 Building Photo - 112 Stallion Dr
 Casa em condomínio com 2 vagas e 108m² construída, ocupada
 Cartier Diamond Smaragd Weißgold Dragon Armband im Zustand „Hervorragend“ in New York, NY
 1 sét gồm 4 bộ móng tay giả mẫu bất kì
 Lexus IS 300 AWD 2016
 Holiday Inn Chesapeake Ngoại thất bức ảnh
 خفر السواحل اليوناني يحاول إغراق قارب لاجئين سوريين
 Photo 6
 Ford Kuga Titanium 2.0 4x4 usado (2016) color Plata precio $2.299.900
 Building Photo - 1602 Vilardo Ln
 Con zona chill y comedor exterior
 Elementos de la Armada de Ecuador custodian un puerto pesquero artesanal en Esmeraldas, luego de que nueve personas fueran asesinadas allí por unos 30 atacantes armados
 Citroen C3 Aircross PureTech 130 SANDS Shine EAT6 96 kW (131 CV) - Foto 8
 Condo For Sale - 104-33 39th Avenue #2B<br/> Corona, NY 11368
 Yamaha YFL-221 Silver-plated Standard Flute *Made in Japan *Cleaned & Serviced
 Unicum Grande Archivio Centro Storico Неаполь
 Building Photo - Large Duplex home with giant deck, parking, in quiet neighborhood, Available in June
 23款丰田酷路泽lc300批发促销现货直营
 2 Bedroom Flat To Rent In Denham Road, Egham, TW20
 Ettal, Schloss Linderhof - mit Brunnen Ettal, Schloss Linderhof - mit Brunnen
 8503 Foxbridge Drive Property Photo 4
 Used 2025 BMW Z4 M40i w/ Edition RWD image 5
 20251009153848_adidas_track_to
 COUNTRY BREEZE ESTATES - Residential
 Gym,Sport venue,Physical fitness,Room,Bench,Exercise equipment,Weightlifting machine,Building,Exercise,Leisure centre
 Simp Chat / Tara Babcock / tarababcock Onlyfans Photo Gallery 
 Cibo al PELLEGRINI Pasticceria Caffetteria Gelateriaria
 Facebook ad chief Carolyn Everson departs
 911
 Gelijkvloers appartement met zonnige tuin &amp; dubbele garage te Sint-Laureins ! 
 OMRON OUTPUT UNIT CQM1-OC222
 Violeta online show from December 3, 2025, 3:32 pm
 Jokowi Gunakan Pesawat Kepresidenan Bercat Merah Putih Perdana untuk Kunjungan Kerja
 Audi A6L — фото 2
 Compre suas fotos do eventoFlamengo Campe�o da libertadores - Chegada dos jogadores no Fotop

* **EXERCISE**
Transcribe the data above exactly as it reads.

* **EXERCISE RESULT**
 Building Photo - 112 Stallion Dr
 Casa em condomínio com 2 vagas e 108m² construída, ocupada
 Cartier Diamond Smaragd Weißgold Dragon Armband im Zustand „Hervorragend“ in New York, NY
 1 sét gồm 4 bộ móng tay giả mẫu bất kì
 Lexus IS 300 AWD 2016
 Holiday Inn Chesapeake Ngoại thất bức ảnh
 خفر السواحل اليوناني يحاول إغراق قارب لاجئين سوريين
 Photo 6
 Ford Kuga Titanium 2.0 4x4 usado (2016) color Plata precio $2.299.900
 Building Photo - 1602 Vilardo Ln
 Con zona chill y comedor exterior
 Elementos de la Armada de Ecuador custodian un puerto pesquero artesanal en Esmeraldas, luego de que nueve personas fueran asesinadas allí por unos 30 atacantes armados
 Citroen C3 Aircross PureTech 130 SANDS Shine EAT6 96 kW (131 CV) - Foto 8
 Condo For Sale - 104-33 39th Avenue #2B<br/> Corona, NY 11368
 Yamaha YFL-221 Silver-plated Standard Flute *Made in Japan *Cleaned & Serviced
 Unicum Grande Archivio Centro Storico Неаполь
 Building Photo - Large Duplex home with giant deck, parking, in quiet neighborhood, Available in June
 23款丰田酷路泽lc300批发促销现货直营
 2 Bedroom Flat To Rent In Denham Road, Egham, TW20
 Ettal, Schloss Linderhof - mit Brunnen Ettal, Schloss Linderhof - mit Brunnen
 8503 Foxbridge Drive Property Photo 4
 Used 2025 BMW Z4 M40i w/ Edition RWD image 5
 20251009153848_adidas_track_to
 COUNTRY BREEZE ESTATES - Residential
 Gym,Sport venue,Physical fitness,Room,Bench,Exercise equipment,Weightlifting machine,Building,Exercise,Leisure centre
 Simp Chat / Tara Babcock / tarababcock Onlyfans Photo Gallery 
 Cibo al PELLEGRINI Pasticceria Caffetteria Gelateriaria
 Facebook ad chief Carolyn Everson departs
 911
 Gelijkvloers appartement met zonnige tuin &amp; dubbele garage te Sint-Laureins ! 
 OMRON OUTPUT UNIT CQM1-OC222
 Violeta online show from December 3, 2025, 3:32 pm
 Jokowi Gunakan Pesawat Kepresidenan Bercat Merah Putih Perdana untuk Kunjungan Kerja
 Audi A6L — фото 2
 Compre suas fotos do eventoFlamengo Campe�o da libertadores - Chegada dos jogadores no Fotop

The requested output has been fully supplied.